**Required work:** If a line in the entries contains the string "Apartamento", include that line in your answer.
-------- Records supplied --------
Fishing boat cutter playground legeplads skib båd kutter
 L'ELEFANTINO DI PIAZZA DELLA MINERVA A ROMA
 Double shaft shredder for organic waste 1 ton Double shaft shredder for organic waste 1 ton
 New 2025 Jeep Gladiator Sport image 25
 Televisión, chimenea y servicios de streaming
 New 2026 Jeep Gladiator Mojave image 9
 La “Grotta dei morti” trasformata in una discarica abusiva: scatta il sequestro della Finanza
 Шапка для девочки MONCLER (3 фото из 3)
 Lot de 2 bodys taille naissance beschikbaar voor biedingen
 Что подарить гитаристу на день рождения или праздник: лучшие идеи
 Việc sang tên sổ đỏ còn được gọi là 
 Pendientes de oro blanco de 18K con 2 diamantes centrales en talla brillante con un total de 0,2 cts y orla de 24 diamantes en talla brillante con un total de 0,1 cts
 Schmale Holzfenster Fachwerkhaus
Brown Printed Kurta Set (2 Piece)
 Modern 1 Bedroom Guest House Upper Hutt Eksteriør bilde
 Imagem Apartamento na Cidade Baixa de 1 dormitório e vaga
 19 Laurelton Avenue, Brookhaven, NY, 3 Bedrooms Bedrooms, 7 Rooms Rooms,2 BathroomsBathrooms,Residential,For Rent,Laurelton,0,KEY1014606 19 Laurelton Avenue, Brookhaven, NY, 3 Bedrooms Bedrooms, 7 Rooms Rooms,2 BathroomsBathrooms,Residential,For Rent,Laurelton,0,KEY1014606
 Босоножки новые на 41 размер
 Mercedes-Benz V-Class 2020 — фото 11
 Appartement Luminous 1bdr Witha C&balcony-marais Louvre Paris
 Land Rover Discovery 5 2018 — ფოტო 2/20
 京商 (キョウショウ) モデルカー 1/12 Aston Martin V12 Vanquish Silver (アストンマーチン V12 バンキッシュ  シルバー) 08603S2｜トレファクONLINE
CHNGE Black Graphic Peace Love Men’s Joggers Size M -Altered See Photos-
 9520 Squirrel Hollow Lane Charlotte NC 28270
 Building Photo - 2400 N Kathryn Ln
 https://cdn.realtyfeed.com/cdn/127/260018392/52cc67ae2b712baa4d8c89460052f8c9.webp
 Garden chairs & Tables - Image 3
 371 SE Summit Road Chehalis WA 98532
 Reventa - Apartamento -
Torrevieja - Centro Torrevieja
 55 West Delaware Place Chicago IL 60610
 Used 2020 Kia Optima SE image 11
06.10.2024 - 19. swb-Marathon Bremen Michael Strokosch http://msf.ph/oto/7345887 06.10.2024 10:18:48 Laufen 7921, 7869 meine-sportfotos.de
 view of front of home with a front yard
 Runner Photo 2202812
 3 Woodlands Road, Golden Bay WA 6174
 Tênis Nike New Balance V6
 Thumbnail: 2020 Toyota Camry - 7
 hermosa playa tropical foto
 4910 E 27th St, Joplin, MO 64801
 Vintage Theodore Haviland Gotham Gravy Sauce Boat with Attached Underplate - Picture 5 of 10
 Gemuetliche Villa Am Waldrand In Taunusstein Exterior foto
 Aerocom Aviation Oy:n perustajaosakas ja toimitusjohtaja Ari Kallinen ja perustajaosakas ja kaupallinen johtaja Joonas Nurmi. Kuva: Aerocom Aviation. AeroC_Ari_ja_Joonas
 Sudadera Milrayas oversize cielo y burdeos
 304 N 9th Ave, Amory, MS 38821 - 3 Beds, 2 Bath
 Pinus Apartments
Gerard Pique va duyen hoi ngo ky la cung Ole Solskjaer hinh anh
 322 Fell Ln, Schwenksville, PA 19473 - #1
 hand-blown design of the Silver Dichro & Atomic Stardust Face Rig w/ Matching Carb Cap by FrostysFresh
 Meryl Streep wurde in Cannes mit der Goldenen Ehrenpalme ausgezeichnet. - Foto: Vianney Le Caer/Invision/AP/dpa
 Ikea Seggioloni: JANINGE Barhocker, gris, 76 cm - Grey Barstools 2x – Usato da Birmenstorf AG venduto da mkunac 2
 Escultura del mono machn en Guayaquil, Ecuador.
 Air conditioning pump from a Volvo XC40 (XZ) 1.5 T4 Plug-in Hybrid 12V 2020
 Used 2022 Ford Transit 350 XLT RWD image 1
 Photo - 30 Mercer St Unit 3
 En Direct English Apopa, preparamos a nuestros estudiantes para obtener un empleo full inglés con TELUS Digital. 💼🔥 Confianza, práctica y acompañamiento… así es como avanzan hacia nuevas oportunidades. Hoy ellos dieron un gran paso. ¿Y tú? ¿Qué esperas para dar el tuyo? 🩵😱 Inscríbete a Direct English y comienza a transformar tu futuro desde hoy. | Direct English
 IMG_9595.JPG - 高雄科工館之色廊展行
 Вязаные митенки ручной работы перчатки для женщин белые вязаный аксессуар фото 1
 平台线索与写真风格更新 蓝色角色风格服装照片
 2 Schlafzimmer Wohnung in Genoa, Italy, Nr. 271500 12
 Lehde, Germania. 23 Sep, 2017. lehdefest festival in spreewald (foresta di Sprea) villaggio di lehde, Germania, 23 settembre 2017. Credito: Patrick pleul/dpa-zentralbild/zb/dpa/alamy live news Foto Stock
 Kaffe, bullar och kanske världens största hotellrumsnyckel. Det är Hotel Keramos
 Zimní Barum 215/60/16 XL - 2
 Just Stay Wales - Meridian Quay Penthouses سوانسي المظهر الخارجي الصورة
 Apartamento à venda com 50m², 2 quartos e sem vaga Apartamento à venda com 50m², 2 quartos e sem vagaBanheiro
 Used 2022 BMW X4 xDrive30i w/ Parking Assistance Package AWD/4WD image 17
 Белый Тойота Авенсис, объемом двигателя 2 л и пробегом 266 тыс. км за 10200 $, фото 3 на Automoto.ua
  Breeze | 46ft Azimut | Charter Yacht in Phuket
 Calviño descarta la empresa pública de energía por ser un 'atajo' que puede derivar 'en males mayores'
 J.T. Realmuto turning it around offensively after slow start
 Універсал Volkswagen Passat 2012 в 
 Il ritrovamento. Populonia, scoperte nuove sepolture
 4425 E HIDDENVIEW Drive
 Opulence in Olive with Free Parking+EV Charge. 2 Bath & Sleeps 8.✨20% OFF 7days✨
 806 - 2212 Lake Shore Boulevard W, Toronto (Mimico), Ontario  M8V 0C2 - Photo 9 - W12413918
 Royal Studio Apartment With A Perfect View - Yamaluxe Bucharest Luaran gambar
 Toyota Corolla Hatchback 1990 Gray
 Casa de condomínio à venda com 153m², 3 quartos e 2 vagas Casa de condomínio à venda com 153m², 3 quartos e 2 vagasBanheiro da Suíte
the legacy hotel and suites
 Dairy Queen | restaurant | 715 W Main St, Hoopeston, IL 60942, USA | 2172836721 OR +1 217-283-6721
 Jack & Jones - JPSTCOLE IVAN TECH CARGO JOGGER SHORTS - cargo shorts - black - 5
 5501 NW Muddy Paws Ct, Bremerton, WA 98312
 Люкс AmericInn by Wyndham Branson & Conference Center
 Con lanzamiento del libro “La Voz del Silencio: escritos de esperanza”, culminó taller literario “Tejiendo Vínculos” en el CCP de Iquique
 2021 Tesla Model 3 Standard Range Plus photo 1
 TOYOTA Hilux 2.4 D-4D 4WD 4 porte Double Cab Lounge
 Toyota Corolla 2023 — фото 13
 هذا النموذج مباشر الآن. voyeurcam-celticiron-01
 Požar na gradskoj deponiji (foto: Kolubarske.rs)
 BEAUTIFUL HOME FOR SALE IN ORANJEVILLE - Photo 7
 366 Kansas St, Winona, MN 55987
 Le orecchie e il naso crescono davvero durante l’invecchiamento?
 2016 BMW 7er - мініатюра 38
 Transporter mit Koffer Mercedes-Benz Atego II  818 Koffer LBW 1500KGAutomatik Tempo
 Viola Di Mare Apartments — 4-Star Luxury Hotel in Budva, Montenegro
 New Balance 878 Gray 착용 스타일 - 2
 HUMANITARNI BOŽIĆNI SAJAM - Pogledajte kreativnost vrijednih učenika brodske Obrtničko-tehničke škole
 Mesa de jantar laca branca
--------
**Output for this exercise:**
 Imagem Apartamento na Cidade Baixa de 1 dormitório e vaga
 Reventa - Apartamento -
 Apartamento à venda com 50m², 2 quartos e sem vaga Apartamento à venda com 50m², 2 quartos e sem vagaBanheiro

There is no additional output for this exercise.